C’è qualcosa che ci sfugge e, da imprenditori indipendenti della pubblicità, attenti sia alla qualità, sia alle condizioni di lavoro, sia ai conti, saremmo incantati di saperne di più.
Prendiamo, fra i moltissimi, un caso recente (Poste Italiane) che ha coinvolto diversi nomi noti. Ricordando che ci sono casi anche più imbarazzanti.
Nel caso di Poste Italiane si tratta di un incarico che dura tre anni, chiede – a detta del cliente – il coinvolgimento costante di più persone, e viene aggiudicato a circa 60.000 euro complessivi. Vuol dire 20.000 euro all’anno. Il costo, spese generali escluse, di un singolo stipendio regolare da apprendista: circa 1000 euro al mese.
C’è qualcosa che non torna. Facciamo qualche ipotesi
1. su quel lavoro, per quel cliente, verrà impiegata una singola professionalità del valore di 1000 euro al mese, e senza un centesimo di guadagno per l’agenzia
2. su quel lavoro verranno impiegate persone che guadagnano molto meno. Anzi: magari niente …ma quale professionista lavora gratis?
3. su quel lavoro verranno impiegati fior di professionisti, pagati però da più consistenti tariffe versate da altri clienti
4. su quel lavoro verranno impiegati fior di professionisti, attualmente sottoutilizzati perché l’agenzia è alla frutta, ci sono più dipendenti che clienti ed è meglio lavorare sottocosto che tenere la gente a girarsi i pollici
5. su quel lavoro si guadagnerà comunque, facendo la cresta, per esempio, sulle spese di produzione. O con qualche altro artificio poco trasparente
6. non è vero che che il lavoro chiede molto impegno di molte persone: verrà fatto a costo zero nei ritagli di tempo, alla faccia del cliente e come capita capita
7. su quel lavoro verranno persi un bel po’ di soldi… ma perché?
a. c’è il gusto di fregare la concorrenza col dumping, anche a rischio di farsi del male da soli
b. le grandi agenzie sono ricchissime e di farsi pagare tutti i lavori non gli importa un fico
c. le grandi agenzie italiane sono comunque per la stragrande maggioranza sedi periferiche di gruppi multinazionali, che fanno profitti in economie più vivaci. E agli headquarter di quel che, nel bene e nel male, succede in Italia interessa poco
Dai, cari colleghi, illuminateci con qualche altro motivo comprensibile, e migliore.

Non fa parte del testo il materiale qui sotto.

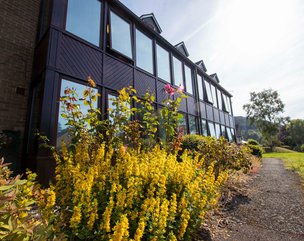 Llwyn Teg Care Home - garden flowerbeds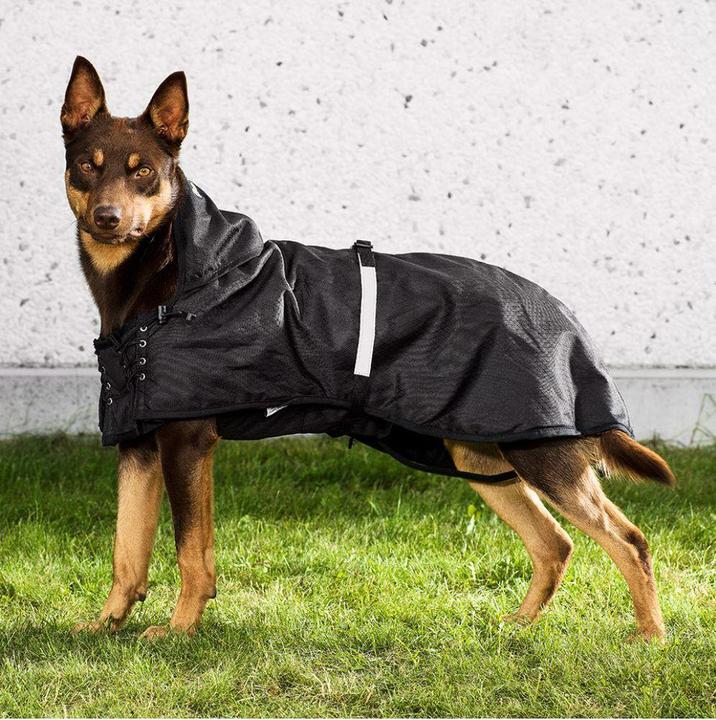 Produktbild Back on Track Dog rain jacket with lining 43 - (734004110985) (Hundemantel)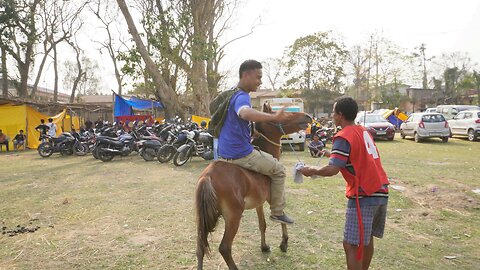 Horse race || Horse racing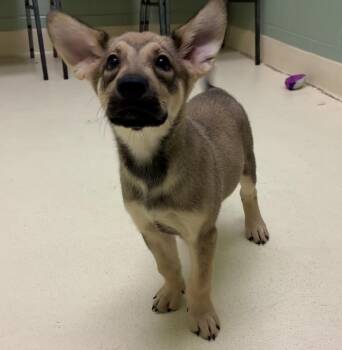 Leonard -  Shepherd and Labrador Retriever Dog for Adoption in Kalamazoo, Michigan - Leonard | PetCurious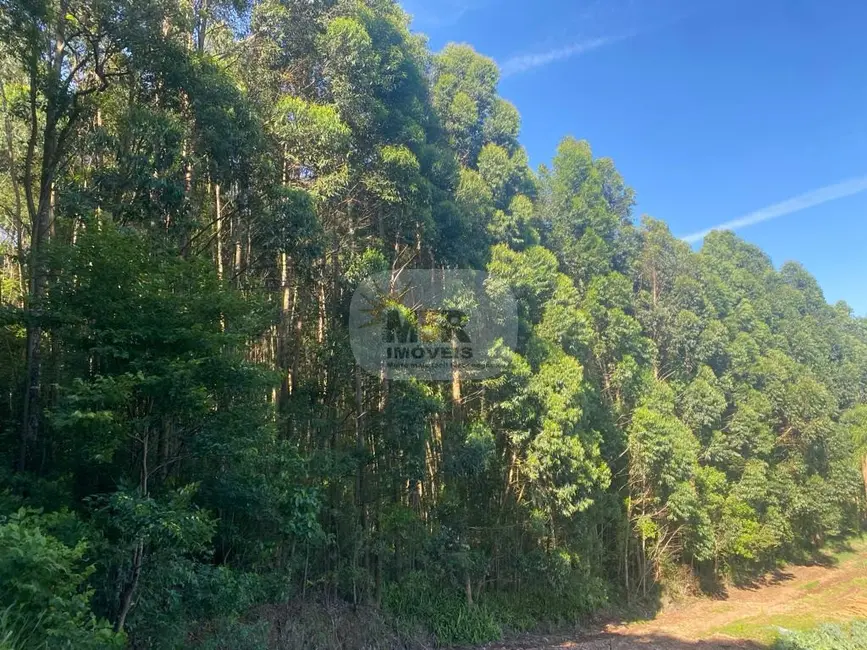 Foto 2 de Terreno / Lote à venda em Nova Petropolis - RS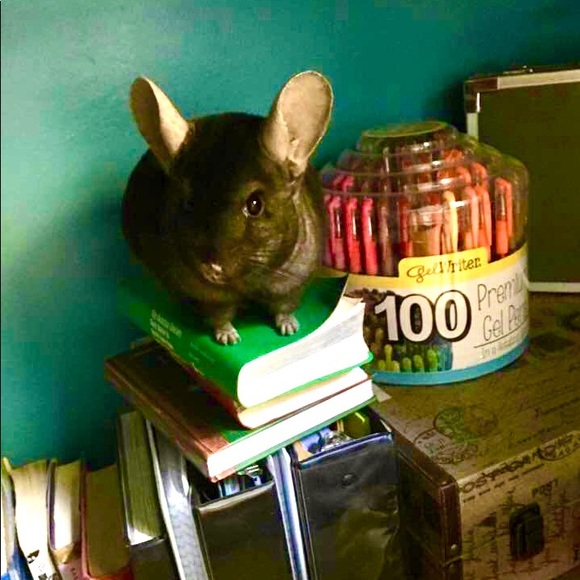 ❤️ Family ❤️ - Picture 3 of 15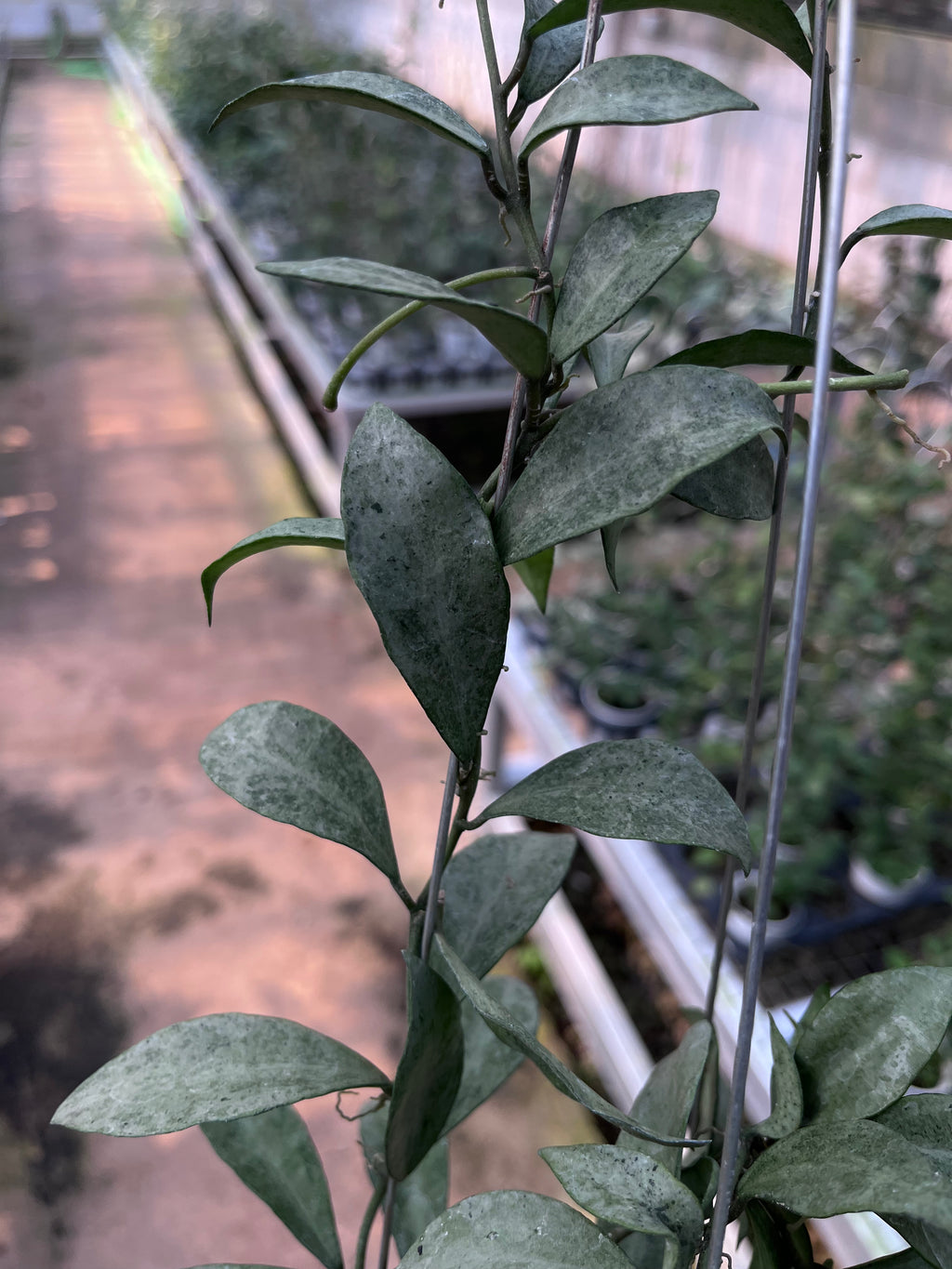 Hoya Lacunosa Gold Powder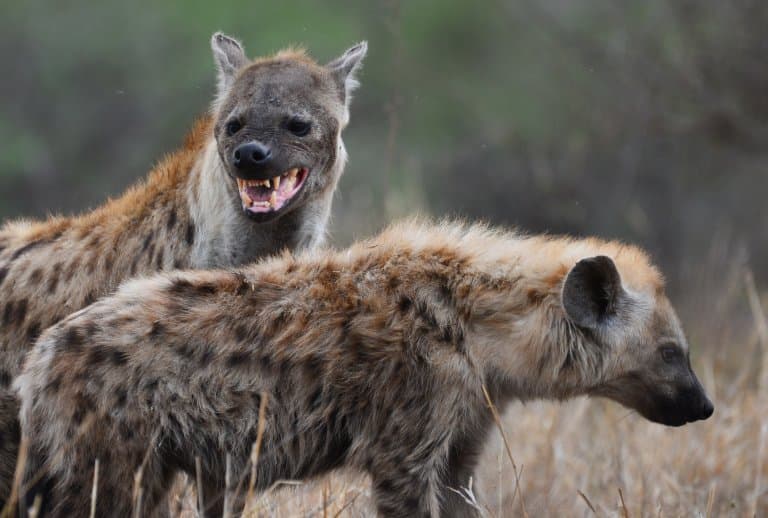 are hyenas more like dogs or cats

Se ce ne sono, vuol dire che avete fatto l’invenzione del secolo: il lavoratore virtuale. Gli annunci autogenerati. Lo spot automatico. Il viral che si inventa da solo. Oppure avete robotizzato l’intera agenzia.
Sì, illuminateci: noi, che continuiamo come si faceva una volta a lavorare a lungo sui brief, a investire tempo per trovare idee efficaci, a formare e a pagare le persone, siamo ansiosi di sapere che futuro, scaturito da quale meravigliosa trovata, aspetta tutti noi e le imprese italiane che continuano, nonostante tutto e in questi tempi complicati, a fare affidamento sulla buona comunicazione pubblicitaria.